Luckily you can find the complete raw data in a hidden tab. Right click on the tabs at the bottom and you get an option Show Sheet….
Selecting that option you are shown a list of all of the hidden sheets. In this case, we want the Stations ten years period sheet.
That’s much better. This sheet contains the raw data. Each row represents a crime category - station combination. For example, row 18366 contains the number of incidents of contact crime reported at the Goedmoed police station over the period of 2008 - 2017. The number of incidents per year is stored in a separate column for each year.
It would be better replace columns H-Q with two new columns:
- number of incidents
Notice that this is the opposite of pivoting, i.e. you could recreate this dataset by pivoting using police station and crime category in the rows and year in the columns.

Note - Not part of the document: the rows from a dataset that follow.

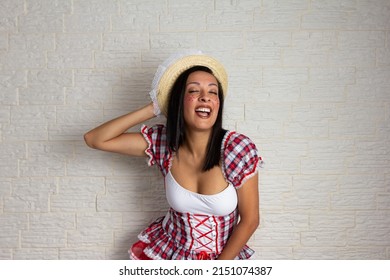 Festa Junina In Brazil, Known As Brazilian June Festival. Dark Tone Skin Older Woman In Typical Plaid Shirt And Straw Hat. Good Times And Happiness Concept.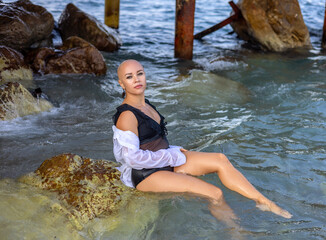 women with alopecia on beach opposing.beautiful female lady talking at smartphone sitting on lounge.girl in swimming suit and white shirt on rock, in water.sea,vacation background.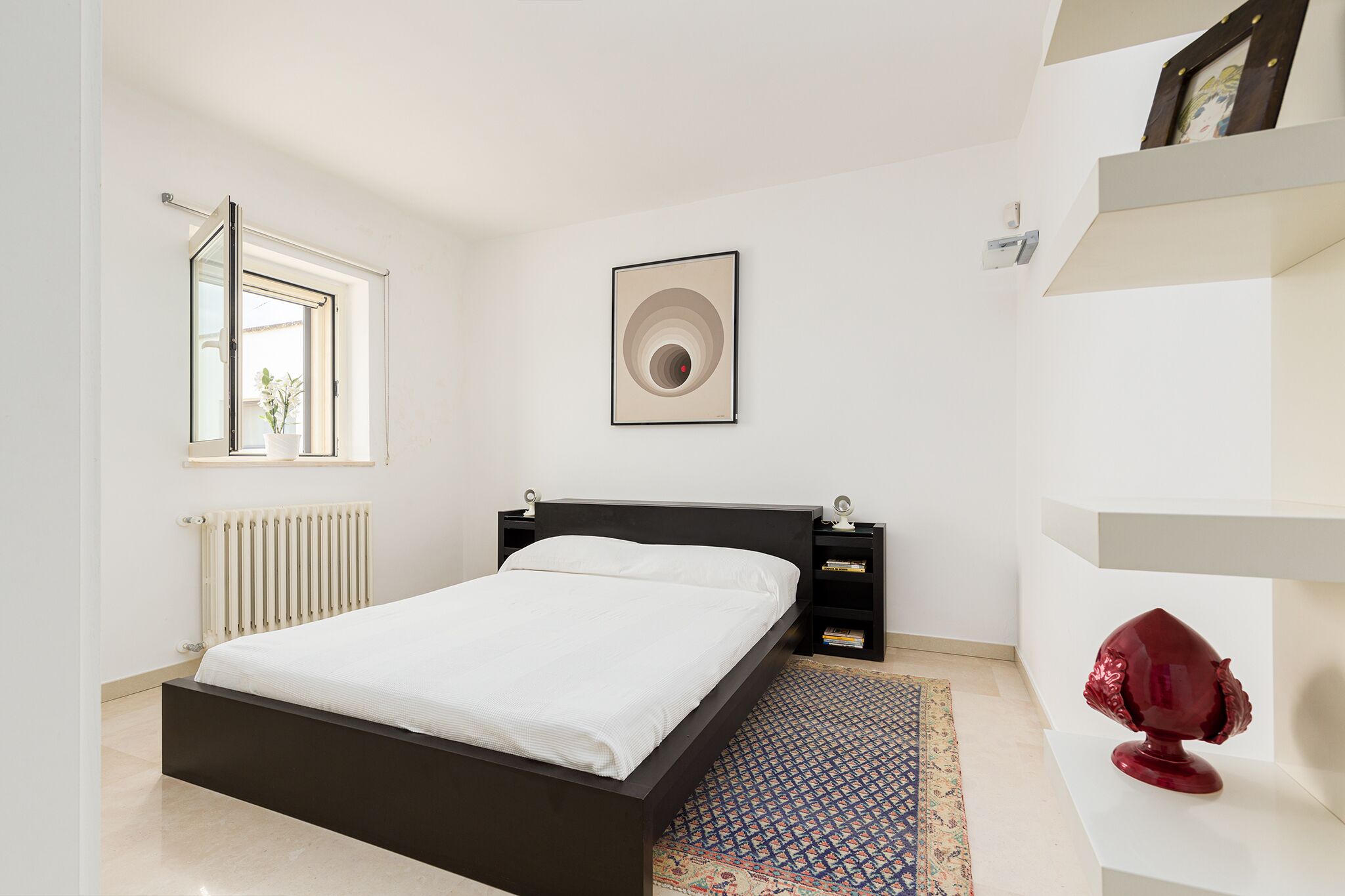 Un dormitorio moderno con una cama negra, un radiador blanco, una ventana y una escultura decorativa.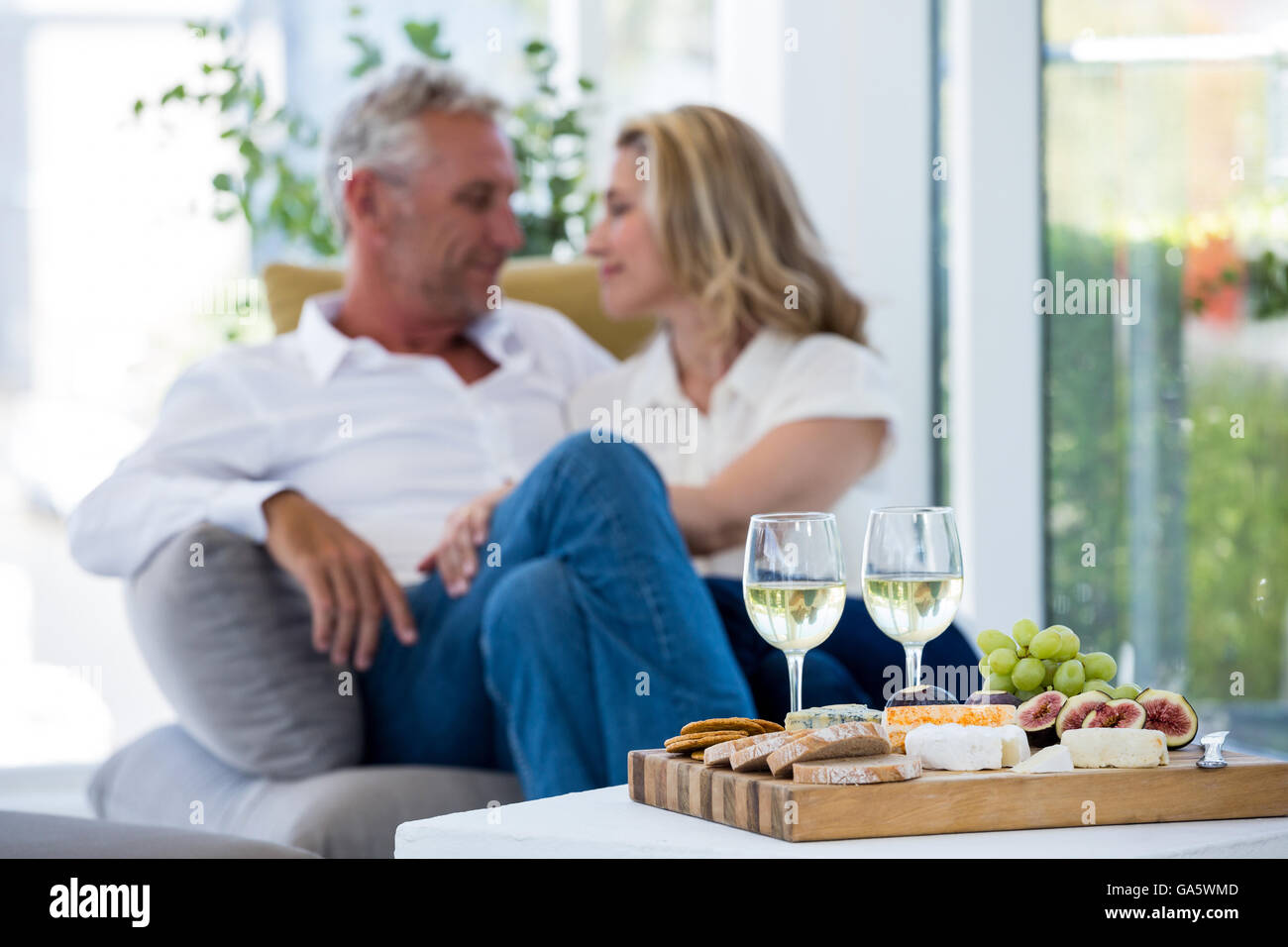Vin blanc et de la nourriture sur table avec couple romantique Banque D'Images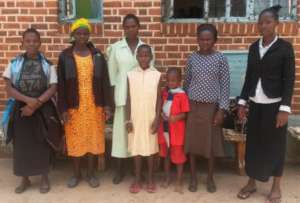 Johnathan (in red) at the orphanage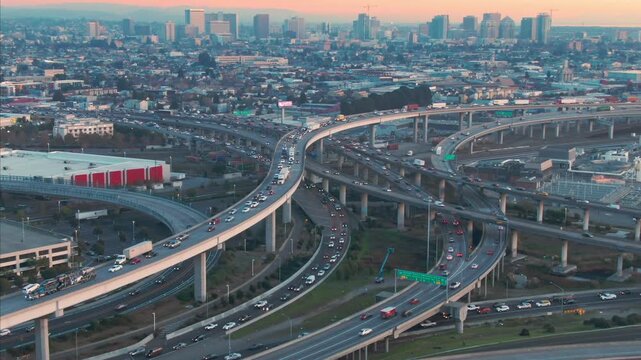 Aerial view of commuters driving cars and trucks on a complex highway interchange system during rush hour in Oakland, California, USA.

Unpivoting is useful so that we can create a different pivot table, say province in the rows and incidents in the columns. It is a more versatile way to structure the data. Let’s see how we go about it. We first export the data as a csv (strictly not needed but I prefer csv to xlsx).
Ignore the warnings and confirm that you want to save as a .csv
Blah blah blah - so many questions. Hurry up already!
Now my favourite part, load the data into OpenRefine.
There you go, the raw, unvarnished data. 43,814 rows. There are a few columns that I am not interested, so I removed them.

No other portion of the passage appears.